Los chatbots ya son capaces de resolver ejercicios difíciles. La prueba propuesta por Demis Hassabis busca más alto: encontrar una idea científica nueva sin haberla leído. Este umbral explica por qué Google DeepMind, OpenAI, Anthropic y Yann LeCun miran más allá de los grandes modelos de lenguaje.
El calendario de la AGI se acerca, pero 2030 sigue siendo un horizonte técnico
En un episodio de Y Combinator publicado a finales de abril de 2026, Demis Hassabis, cofundador y director general de Google DeepMind, coloca la inteligencia artificial general cerca de 2030. La AGI se refiere a una IA capaz de aprender, razonar y actuar en varios ámbitos, sin una especialización estrecha.
Este calendario no significa que los chatbots actuales simplemente vayan a aumentar en tamaño. Hassabis distingue entre las bases ya útiles, como el entrenamiento masivo y la retroalimentación humana, y los bloqueos aún abiertos. Para la industria, el verdadero desafío se parece menos a una carrera de tamaño y más a una cuestión de arquitectura.
Los grandes modelos de lenguaje tienen tres fallas que limitan su autonomía
Los grandes modelos de lenguaje, o LLM, predicen la continuación probable de un texto. Este método produce respuestas útiles, pero no siempre ofrece una representación estable del mundo. Al igual que un GPS sin un mapa actualizado, el sistema puede avanzar rápidamente y luego perder su referencia.
Hassabis señala tres obstáculos: el aprendizaje continuo, el razonamiento a largo plazo y la memoria. El aprendizaje continuo implica integrar una novedad sin tener que reentrenar todo el modelo.

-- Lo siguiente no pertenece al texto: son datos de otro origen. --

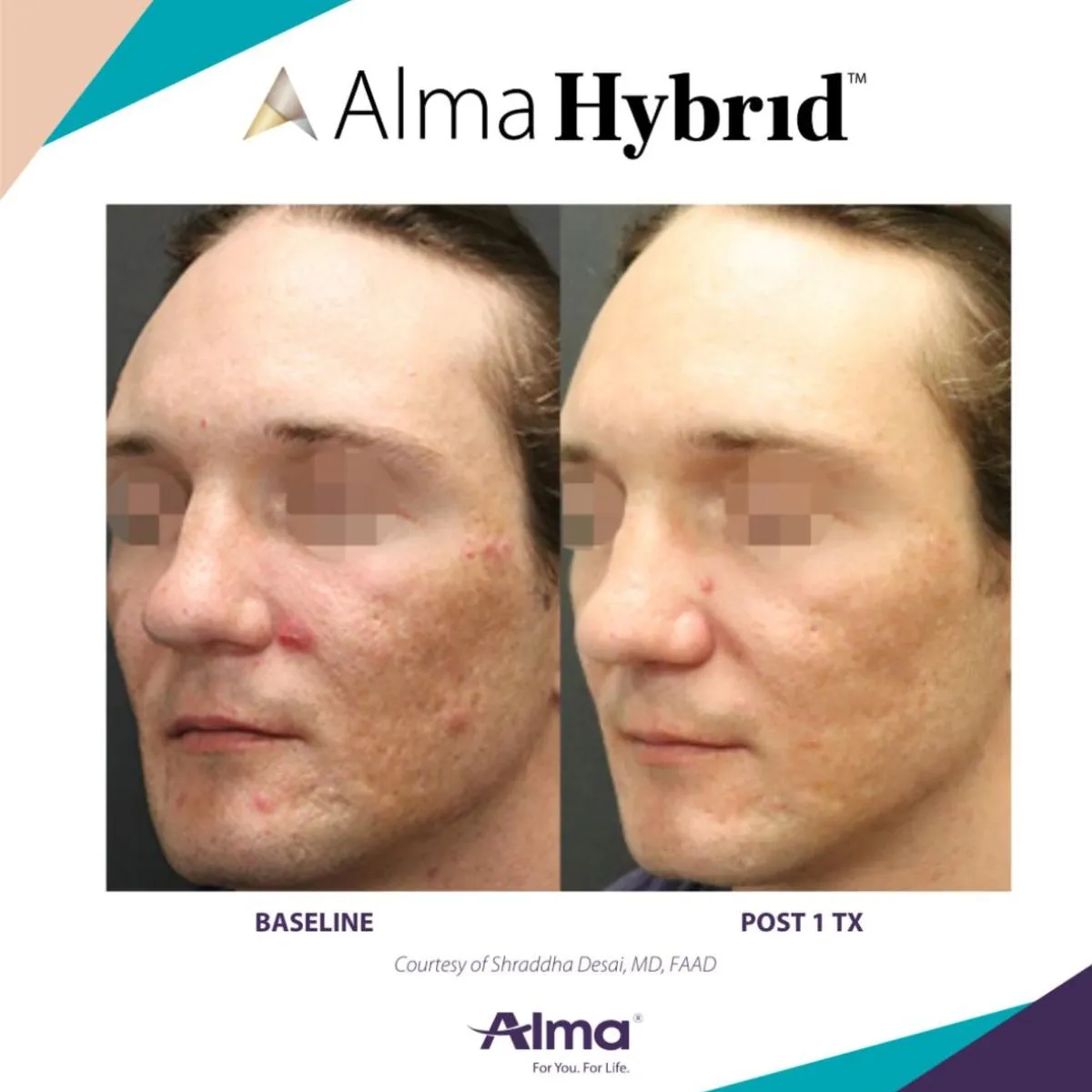 Side-by-side comparison of a man's face showing acne scars and redness at baseline and improved skin texture and less redness post treatment.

La memoria estructurada consiste en conservar la información útil, verificada y reutilizable, en lugar de acumular un enorme granero digital.
El razonamiento también sigue siendo irregular. Un modelo puede lograr una tarea competitiva, y luego fallar en una variante más breve. En un juego de ajedrez, esta falla se observa cuando la IA identifica un mal movimiento, busca una alternativa y luego vuelve a la misma elección.
La prueba de Einstein mide una capacidad más rara que la buena respuesta
La prueba mencionada por Hassabis consiste en limitar el conocimiento disponible antes de un descubrimiento científico, y luego pedir al sistema que encuentre la siguiente idea. Con un corpus que se detiene antes de 1905, la IA debería reconstruir la relatividad restringida, no solo recitar frases sobre Einstein.
Esta prueba separa la imitación de la invención. La relatividad restringida abordó tensiones entre observaciones y teorías existentes. Para un LLM, el texto solo a menudo carece de conexión física: sabe que una pelota cae, pero no simula necesariamente la gravedad como un fenómeno.
AlphaFold y los world models delinean una IA más modular
El Premio Nobel de Química 2024 otorgado a Demis Hassabis, John Jumper y David Baker ofrece un ejemplo útil. AlphaFold no es un chatbot generalista. El sistema predice estructuras de proteínas con un objetivo especializado, y luego AlphaFold 3 extiende este trabajo a las interacciones entre moléculas.
Yann LeCun, exresponsable científico de IA en Meta y cofundador de AMI en París, defiende una vía similar con los world models. Estos modelos del mundo buscan representar objetos, acciones y sus consecuencias, como un simulador mental en lugar de un simple loro estadístico.
La idea que se está delineando combina varios componentes: LLM para dialogar, modelos especializados para calcular, memoria ordenada para conservar y aprendizaje por refuerzo para elegir. En este esquema, la IA del mañana se asemeja menos a un cerebro único y más a un taller con varias herramientas en el banco de trabajo.